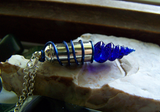 Cobalt Blue Vintage Glass Seashell Silver Bullet Jewelry Pendant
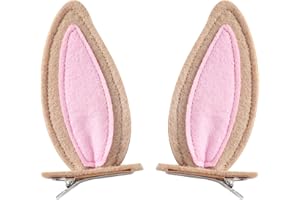 JiaDuo Bunny Ears Hair Clips Toddler Girls Women Easter Halloween Rabbit Costume Accessories Camel
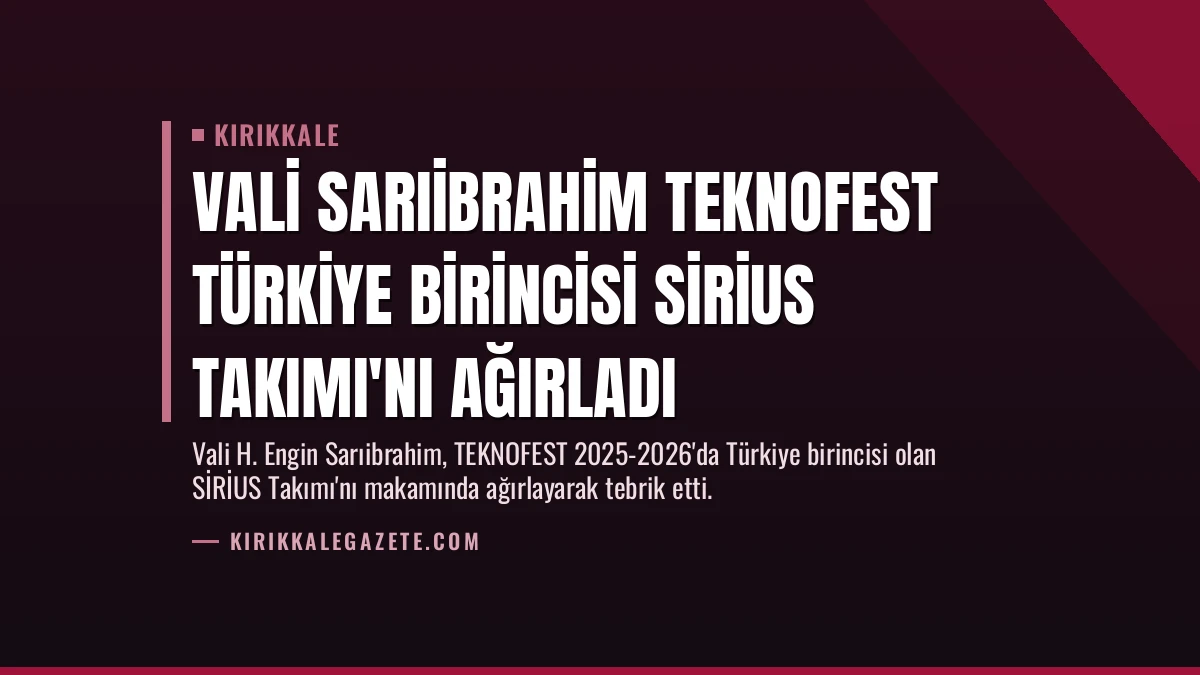 Vali Sarıibrahim TEKNOFEST Türkiye Birincisi SİRİUS Takımı’nı Ağırladı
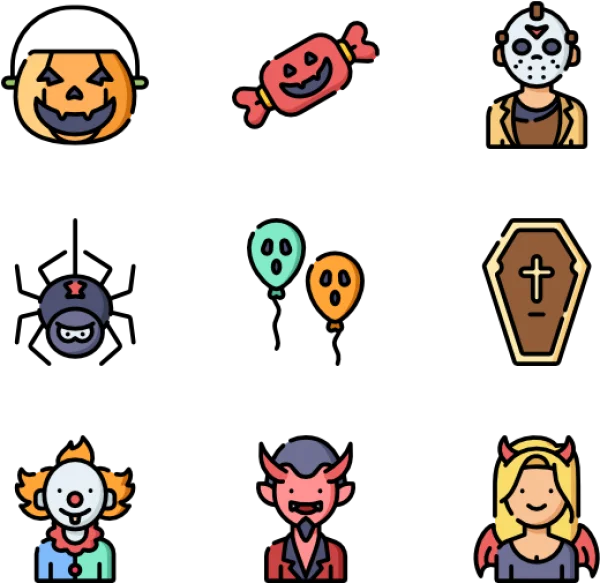 Halloween Spooky Icons Collection PNG Transparent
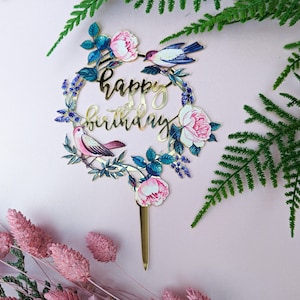 Happy Birthday Gold Cake Topper Acrylic Party Decorations Girls Gift Blue Eucalyptus Flowers Sage Birds Botanical
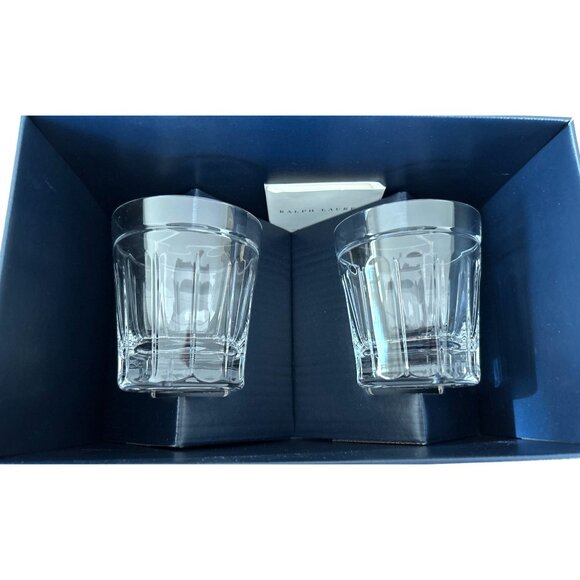 Ralph Lauren Coraline Double Old Fashioned Glass Set Of 2 Crystal Whiskey Rocks - Picture 1 of 5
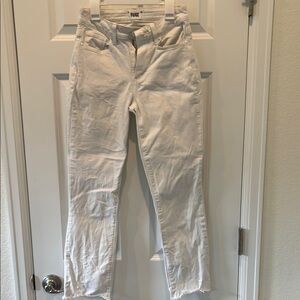 PAIGE Cream Straight Leg Jeans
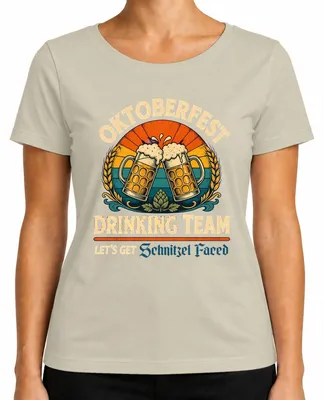 Productafbeelding van Drinkteam T-shirt, traditionele kleding (Trachten), lederhosen, dirndl, dames T-shirt, naturel, maat XL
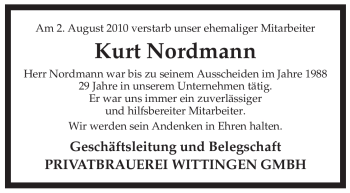 Traueranzeige von Kurt Nordmann von ALLGEMEINE ZEITUNG UELZEN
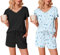 Ekouaer Pijama Mujer Verano Pijama Corto Mujer Paquete de 2 Mangas con Volantes Escote en Pico Suave Camiseta y Pantalón Corto, Negro + Estrellas Azul Claro, M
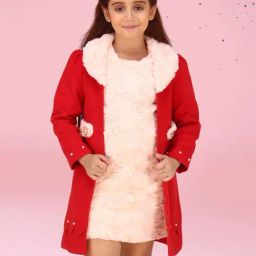Cutecumber Girls Red Polyester Solid Mini Dress with Blazer-image-85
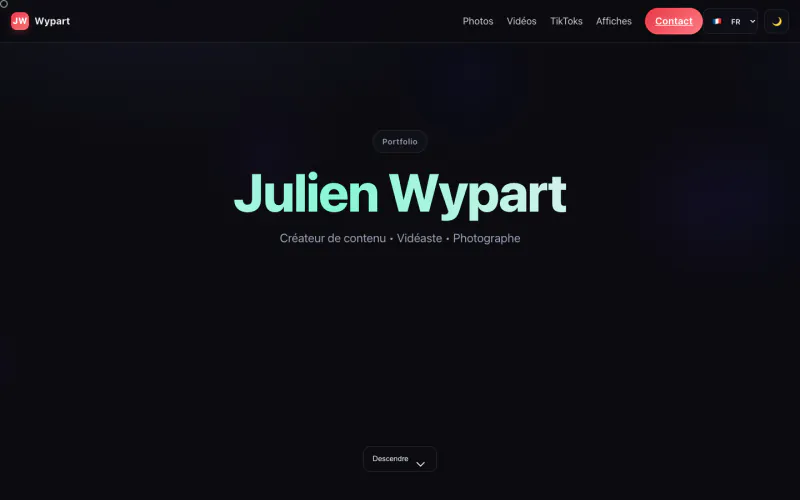 Site wypart.ch (Photo et vidéo, Genève), créé par ancre.ch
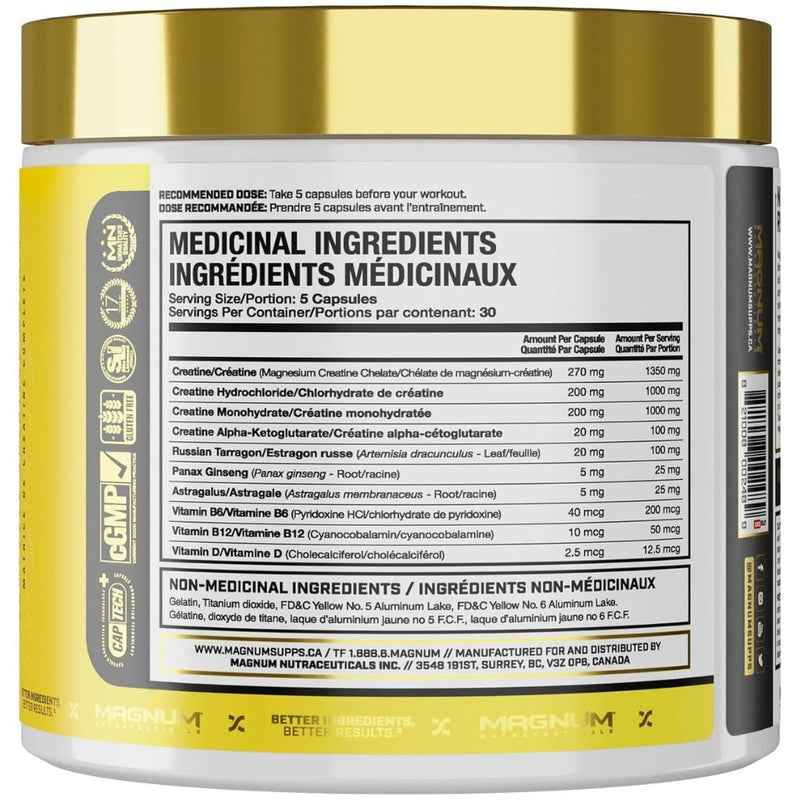 Magnum Big C Creatine Matrix, 150 Caps Nutrition Panel - SupplementSource.ca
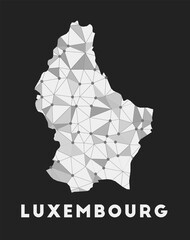 Luxembourg - communication network map of country. Luxembourg trendy geometric design on dark background. Technology, internet, network, telecommunication concept. Vector illustration.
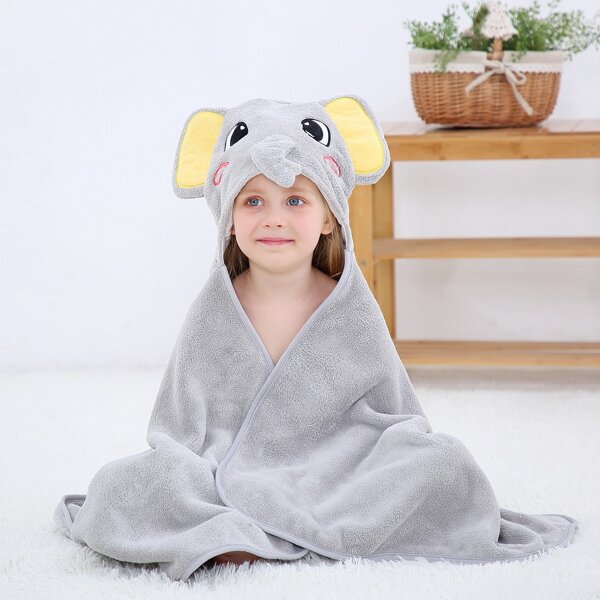 

Cartoon Elephant Kids Bath Towel, Grey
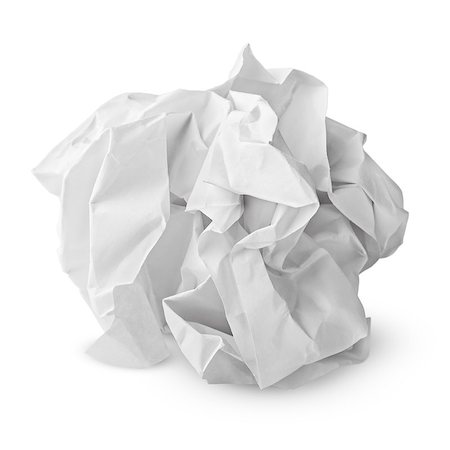 sheet of paper wrinkled - Crumpled paper ball isolated on white with clipping path Stock Photo - Budget Royalty-Free & Subscription, Code: 400-07061887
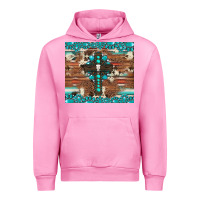 Fuchsia Pink gemstone and cross with cowhide Urban Hoodie - Artiststas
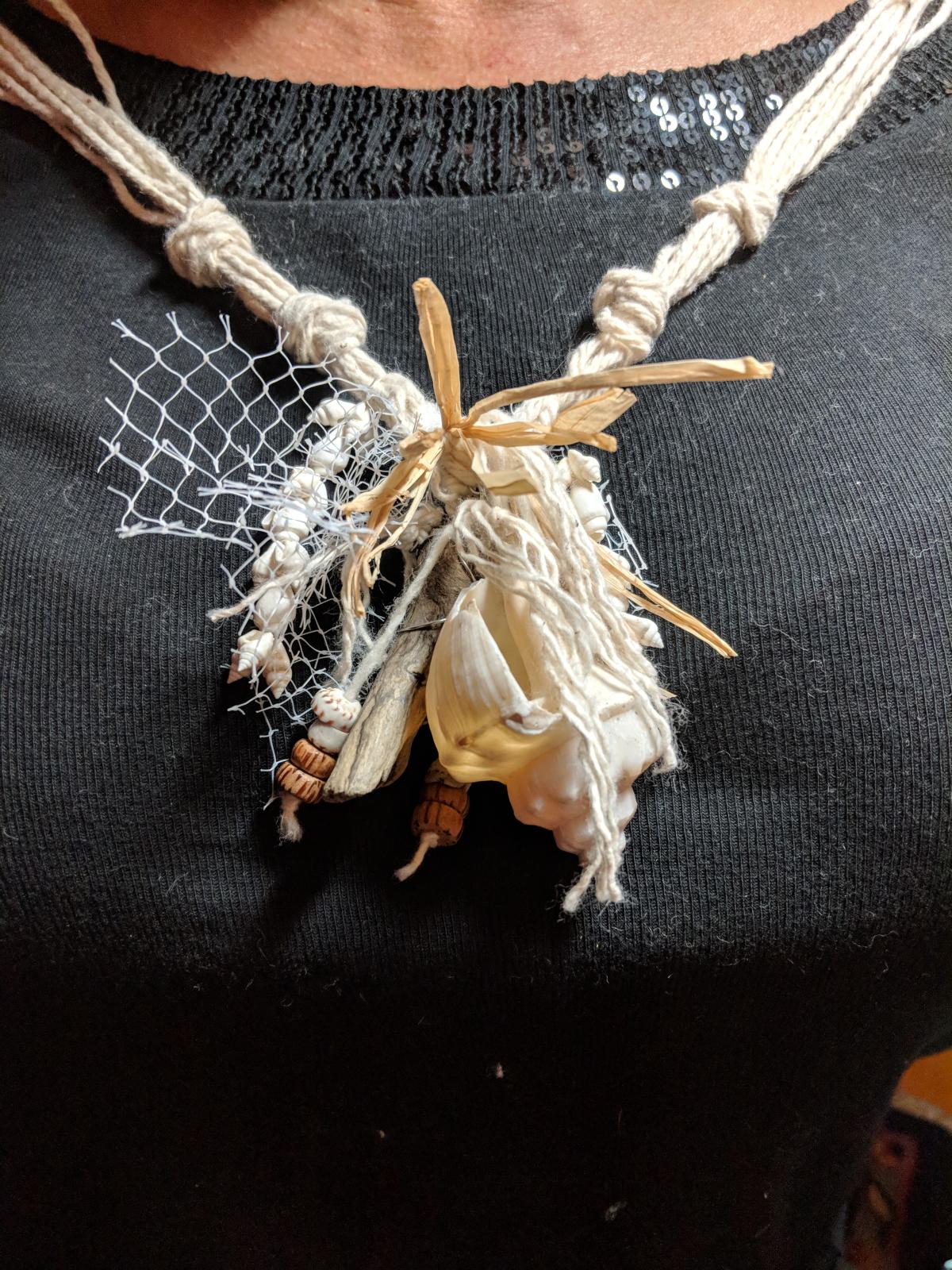 Necklace made with found objects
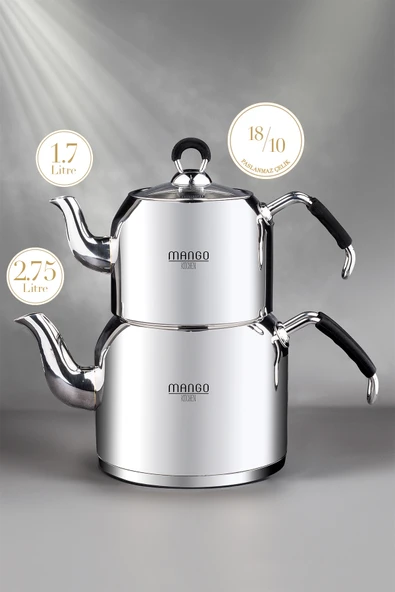 WEYNE Mango Kitchen - Maxi Büyük Boy 18/10 Paslanmaz Çelik 1.6-2.5 Lt. Çaydanlık Takımı - 3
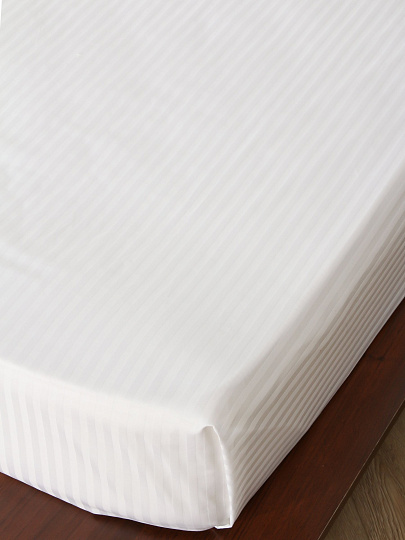 Простыня 1.5-спальная, 150 х 220 см, 100% хлопок, страйп-сатин, 140 г/м2, белая, Monocolor, рис.3182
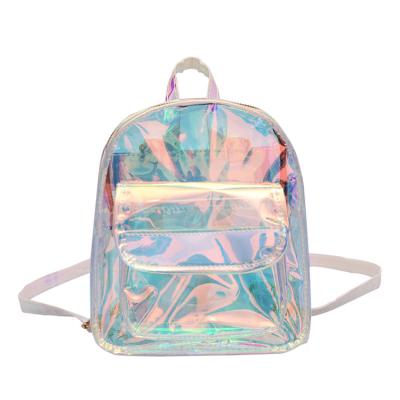 China Wholesale 2 Size Girls PVC School Waterproof Holographic Clear Waterproof Backpack for sale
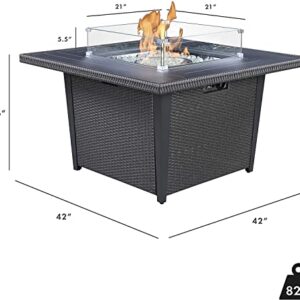 Mazatzal 42IN Square Lightweight Aluminum Propane Fire Table 50,000 BTU Outdoor Patio Fire Pit Table Gas Firepit Table with Lid, Wind Guard and Weather Cover for Outside Garden Backyard (Grey)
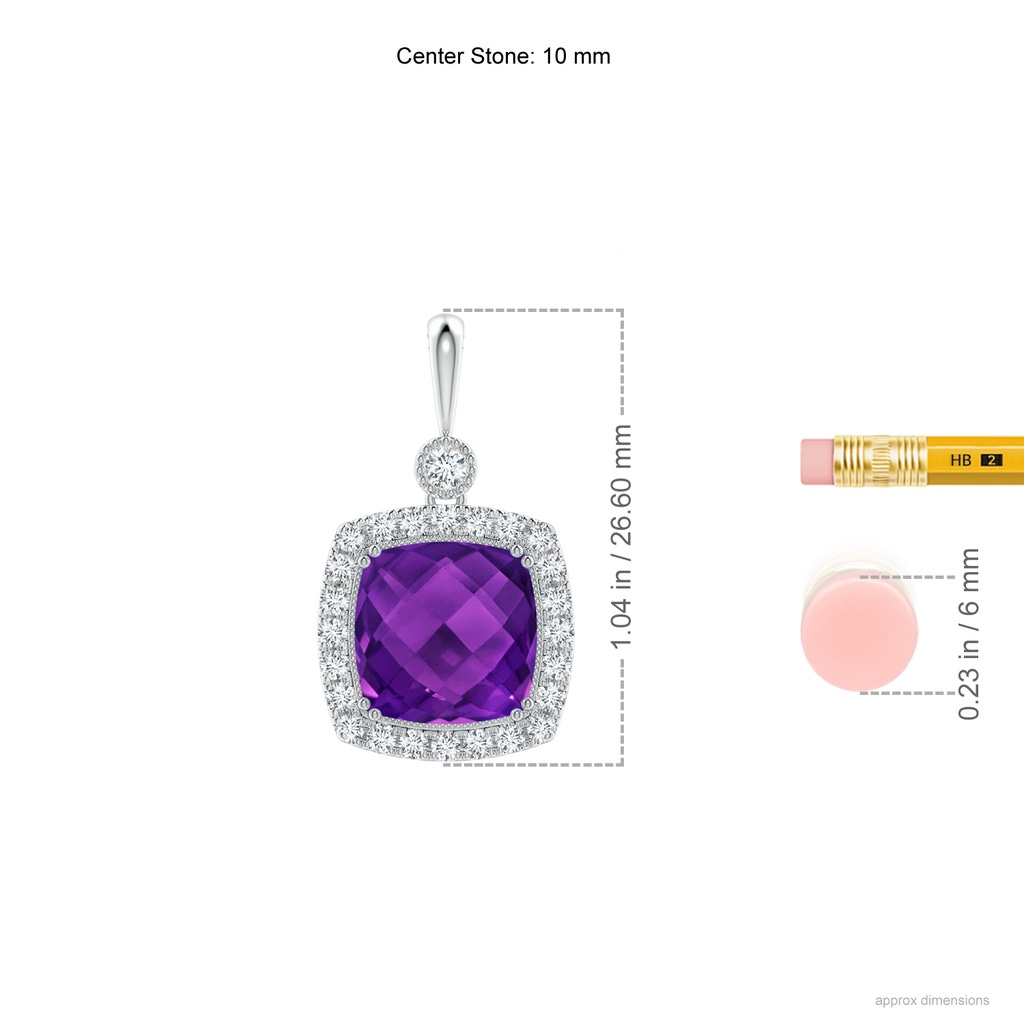 10mm AAAA Double Prong-Set Cushion Amethyst Halo Pendant in White Gold Ruler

+ + + + + + +

- **Problem**
Leaving out the pictures, transcribe the material above exactly.

- **Answer to this problem**
 Cobalt Blue Vintage Glass Seashell Silver Bullet Jewelry Pendant
 JiaDuo Bunny Ears Hair Clips Toddler Girls Women Easter Halloween Rabbit Costume Accessories Camel
 Vali Sarıibrahim TEKNOFEST Türkiye Birincisi SİRİUS Takımı’nı Ağırladı
 Halloween Spooky Icons Collection PNG Transparent
 Happy Birthday Gold Cake Topper Acrylic Party Decorations Girls Gift Blue Eucalyptus Flowers Sage Birds Botanical
 Ralph Lauren Coraline Double Old Fashioned Glass Set Of 2 Crystal Whiskey Rocks - Picture 1 of 5
 PAIGE Cream Straight Leg Jeans
 Productafbeelding van Drinkteam T-shirt, traditionele kleding (Trachten), lederhosen, dirndl, dames T-shirt, naturel, maat XL
 Traueranzeige von Kurt Nordmann von ALLGEMEINE ZEITUNG UELZEN
 Ekouaer Pijama Mujer Verano Pijama Corto Mujer Paquete de 2 Mangas con Volantes Escote en Pico Suave Camiseta y Pantalón Corto, Negro + Estrellas Azul Claro, M
Cutecumber Girls Red Polyester Solid Mini Dress with Blazer-image-85
 Site wypart.ch (Photo et vidéo, Genève), créé par ancre.ch
 Magnum Big C Creatine Matrix, 150 Caps Nutrition Panel - SupplementSource.ca
 Luxembourg - communication network map of country. Luxembourg trendy geometric design on dark background. Technology, internet, network, telecommunication concept. Vector illustration.

Cartoon Elephant Kids Bath Towel, Grey
 sheet of paper wrinkled - Crumpled paper ball isolated on white with clipping path Stock Photo - Budget Royalty-Free & Subscription, Code: 400-07061887
 Fuchsia Pink gemstone and cross with cowhide Urban Hoodie - Artiststas
 Necklace made with found objects
 WEYNE Mango Kitchen - Maxi Büyük Boy 18/10 Paslanmaz Çelik 1.6-2.5 Lt. Çaydanlık Takımı - 3
 Простыня 1.5-спальная, 150 х 220 см, 100% хлопок, страйп-сатин, 140 г/м2, белая, Monocolor, рис.3182
 China Wholesale 2 Size Girls PVC School Waterproof Holographic Clear Waterproof Backpack for sale
 Mazatzal 42IN Square Lightweight Aluminum Propane Fire Table 50,000 BTU Outdoor Patio Fire Pit Table Gas Firepit Table with Lid, Wind Guard and Weather Cover for Outside Garden Backyard (Grey)
 10mm AAAA Double Prong-Set Cushion Amethyst Halo Pendant in White Gold Ruler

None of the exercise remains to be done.